主に中国人観光客に対して使われる『爆買い』とうワードが2015年の「新語・流行語大賞」に選ばれたのは、もはや1年前のこととなろうとしている。訪日外国人旅行者は2016年10月段階で2000万人を突破した。

 

 

 

しかし、『爆買い』に始まった1年の購買動向に影がかかりだしていることは、現場で働く者は感じているに違いない。

 

 

 

 1.外国人観光客の富裕層による高級品の買い回り

 

表参道や銀座といった、日本を代表する高級ブランドのブティックが並ぶ地域では、店内のお客様がすべて外国人といった光景をしばしば目にすることだろう。
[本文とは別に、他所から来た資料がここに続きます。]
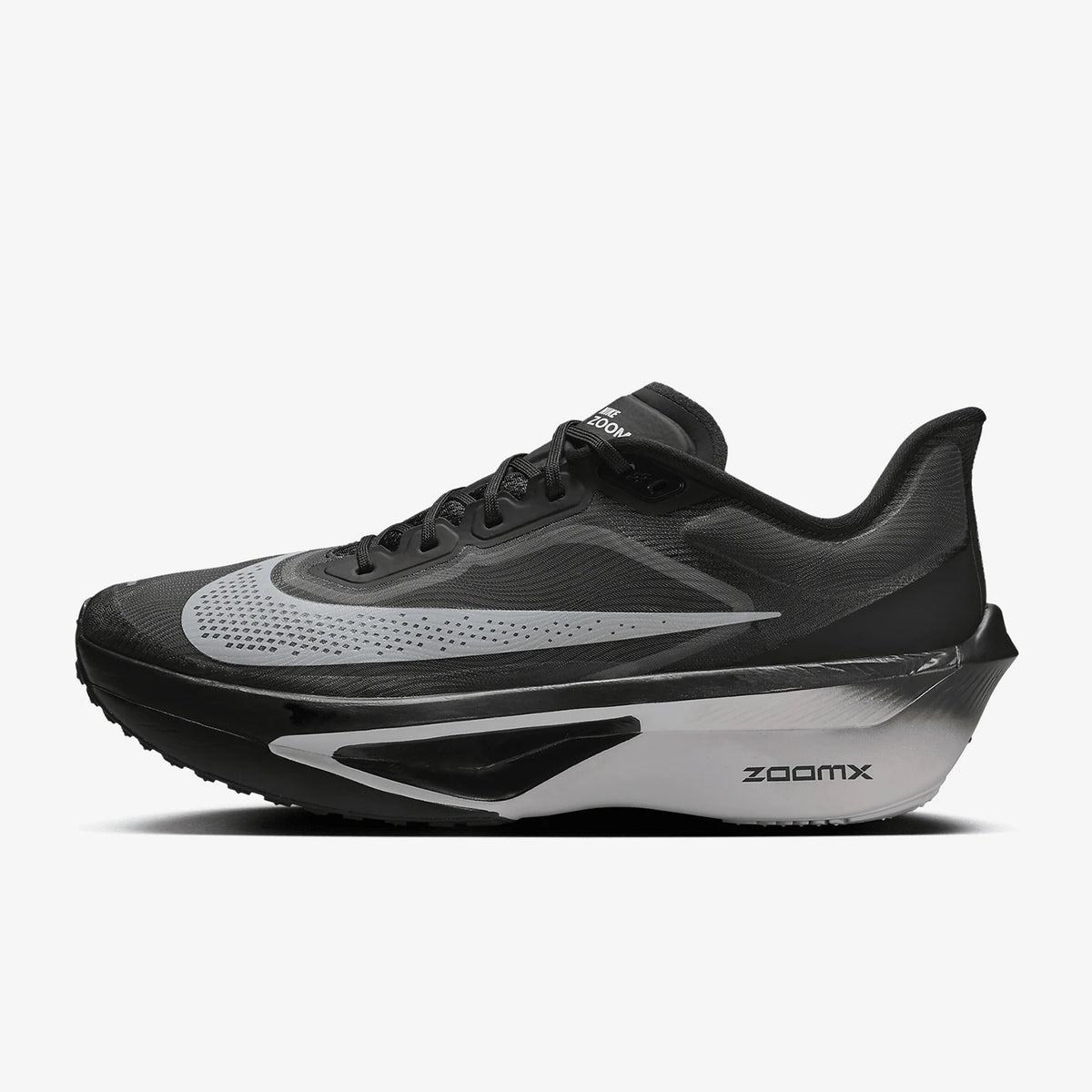 Nike official genuine Zoom Fly 6 men's marathon training running shoes FN8454-001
訪日外国人客の来店と買上により高級品市場の売上は右肩上がりの一方だ。

 

Bain&companyの調べによると、2015年の高級品市場の成長率は為替レートの影響を受けながらも7%の成長を見せている。その日本の首都である東京はもはや、ニューヨーク、パリ、ロンドンに次ぐ世界で4番目の高級品市場となっている。

 

 

高級品に目を向ければ市場規模の拡大は続いており、『爆買い』というワードの恩恵を受けていることに違いない。しかし、ファッション市場の”マスマーケット”に目を向けると『爆買い』なる魔法のワードの魔法が解けかけているのではないだろうか。

 

 

 

2.『爆買い』をやめた外国人観光客

 

昨今、爆買いの中心にいた中国人観光客。ビザの緩和により、中国人観光客の数は増え続ける一途をたどっている。

しかし、中国人のファッションアイテムの購買が減少しつつある。その背景には、中国人観光客の訪日する”目的”の変化がある。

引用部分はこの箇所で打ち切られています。